Nigeria employs judicial, legislative and administrative rules, or a combination of these to reduce aggressive tax avoidance (Barkoczy, 2017, pp. 750-774; Animashaun, 2017, pp. 364-367; Loutinsky, 2012, p. 83; Evans, 2007, pp. 133-135). Judicial interventions include rules formulated by the judiciary to prevent tax avoidance. Legislative interventions and administrative rules include amendments to tax statutes and administrative policies or circulars used by tax authorities to prevent anti-avoidance schemes respectively. For instance, the Federal Inland Revenue Service (FIRS) instituted an Anti-Corruption and Transparency Unit to fight corrupt practices, tax avoidance and tax evasion in Nigeria (Schlenther, 2017, p. 225).

Furthermore, in a bid to prevent certain aggressive tax avoidance, Nigeria included general anti-avoidance provisions such as section 17 of Personal Income Tax Act, Chapter P8, LFN of 2004 (Personal Income Tax Act). General-Anti Avoidance Rule (GAAR) refers to broad sets of rules aimed at limiting tax avoidance by individuals and multi-national companies (MNC) in cases where abuses of tax rules have been detected (Eurodad, 2017, p. 6).

The need for certainty in tax law need not be overemphasized because “when government taxes, it takes citizens’ property, usually money, to fund various projects” (Kades, 2002, p. 189). Bloom (2016, p. 970), stated that the public perception of justice is that tax laws must be predictable and tax cases should be decided based on the law and not upon an individual judge’s concepts of what constitutes acceptable or aggressive tax avoidance. According to Gadžo and Klemenčić (2014, pp. 283-284), legal certainty guarantees all individuals the possibility of reasonably foreseeing the legal consequences of their acts and behaviour. Thus, legal certainty requires that the taxpayers are able to determine the tax implications of their activities before embarking on their business activities. Legal certainty allows people to plan their future and protect individuals and their businesses from arbitrary state interference (Gribnau, 2013, p. 54). The authors argue that certainty is paramount in tax law because if taxes were to be imposed on the citizens by the state for the common good, the process must be lawful, fair and transparent. Moreover, legal certainty helps both the taxpayers and the state to reasonably plan their affairs by factoring their tax outflows and receipts respectively.

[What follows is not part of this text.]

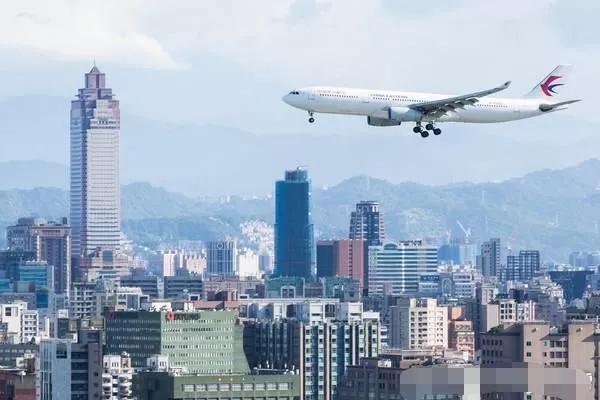 台拒批加班机影响5万人 台商:叫我们游泳回去好了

Permissive and/or beneficial tax laws allow reasonable freedom of behaviour by the taxpayers due to the loopholes in the extant laws (Payne & Raiborn, 2018, p. 471). Tax avoidance has been rampant in Nigeria because the permissive tax legislation is sometimes poorly drafted and open to various interpretations (Oats & Tuck, 2019, p. 566; Otusanya, 2010, p. 318). For instance, section 10(1)(a)(ii) of Personal Income Tax Act, provides that the remuneration of an employee in any employment in Nigeria is payable if the employee continually resides in Nigeria for 183 days in a year. Expatriates exploit this section for tax avoidance purposes by embarking on leave before the duration of 183 days and returning thereafter.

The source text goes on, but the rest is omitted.